Thank you for rescuing him. God bless you and him.


----------



## Orla (Jul 5, 2009)

He's so cute!
He looks quite a bit older than 3 months to me.


----------



## TLR (Nov 13, 2011)

He looks like a very cute Maltese to me. Thanks for rescuing him.


----------



## socalyte (Nov 15, 2010)

He is so handsome! So glad you were able to give him a good home-- once he settles in, I'm sure you will be repaid a million times over with all the puppy kisses you could ever want!


----------



## bellaratamaltese (May 24, 2006)

so glad you were able to take him! I agree with Orla - he looks older than 3 mos. how big is he?


----------



## little+bella (May 19, 2013)

Ya i agree, he does look older than 3 months but pictures sometimes make them look larger than they really are. He looks sweet though! What did you name your new little one? Hes precious.


----------



## .13124 (Jun 1, 2012)

What a sweet little one, so glad you're able to take care of him and give him the attention and love he deserves . I'm sure soon enough he'll warm up to you. 

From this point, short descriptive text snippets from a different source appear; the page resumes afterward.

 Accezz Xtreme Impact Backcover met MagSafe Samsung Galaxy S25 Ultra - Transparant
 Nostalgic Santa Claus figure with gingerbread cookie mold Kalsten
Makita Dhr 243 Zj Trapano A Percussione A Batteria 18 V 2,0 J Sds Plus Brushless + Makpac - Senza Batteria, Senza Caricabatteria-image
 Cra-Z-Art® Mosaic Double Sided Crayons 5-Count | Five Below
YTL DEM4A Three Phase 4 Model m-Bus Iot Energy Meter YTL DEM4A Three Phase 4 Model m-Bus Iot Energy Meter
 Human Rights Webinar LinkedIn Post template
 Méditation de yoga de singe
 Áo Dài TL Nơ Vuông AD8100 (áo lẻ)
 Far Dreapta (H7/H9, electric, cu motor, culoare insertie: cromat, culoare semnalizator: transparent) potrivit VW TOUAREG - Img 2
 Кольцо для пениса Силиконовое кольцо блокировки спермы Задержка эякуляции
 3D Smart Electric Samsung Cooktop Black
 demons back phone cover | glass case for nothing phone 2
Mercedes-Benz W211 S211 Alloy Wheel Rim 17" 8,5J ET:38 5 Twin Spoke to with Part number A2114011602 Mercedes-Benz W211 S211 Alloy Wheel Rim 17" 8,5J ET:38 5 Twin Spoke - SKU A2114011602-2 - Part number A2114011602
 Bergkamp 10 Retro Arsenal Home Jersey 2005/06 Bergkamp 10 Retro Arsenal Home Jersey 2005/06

Sent from Petguide.com Free App


----------



## LuvMyMalties (Sep 29, 2011)

He's 2 lbs. Do you think he's purebred or is it hard to tell?


----------



## kilodzul (Oct 7, 2013)

Purebred or not, he's definitely a cutie. Thank you for rescuing him, I'm sure he'll give you lots of love in return.
I agree that he looks older than 3 months - his muzzle is quite long for this age. But maybe it's the matter of the photo or his haircut. Otherwise he looks like pure Malt to me. Maybe you can show other photo to compare?


----------



## LuvMyMalties (Sep 29, 2011)

His teeth look adult. Doesn't have his puppy teeth anymore. Do Maltese have adult teeth by 3 months? I'm wondering if he is older, but he's so timid it's hard to tell since he doesn't play like a puppy. His fur is super silky and soft but I know he could be mixed with chihuahua or something else and still have Maltese traits. Just curious. I'm Also hoping he will warm up and not be so scared. Whatever happened in his past must have really spooked him!


----------



## babycake7 (Jan 30, 2012)

Oh he is very cute! The picture does make him look bigger but if he is only two pounds as you say, then maybe he is only three months. In any case, thank you for rescuing him. I am sure he will blossom in your love and care!


----------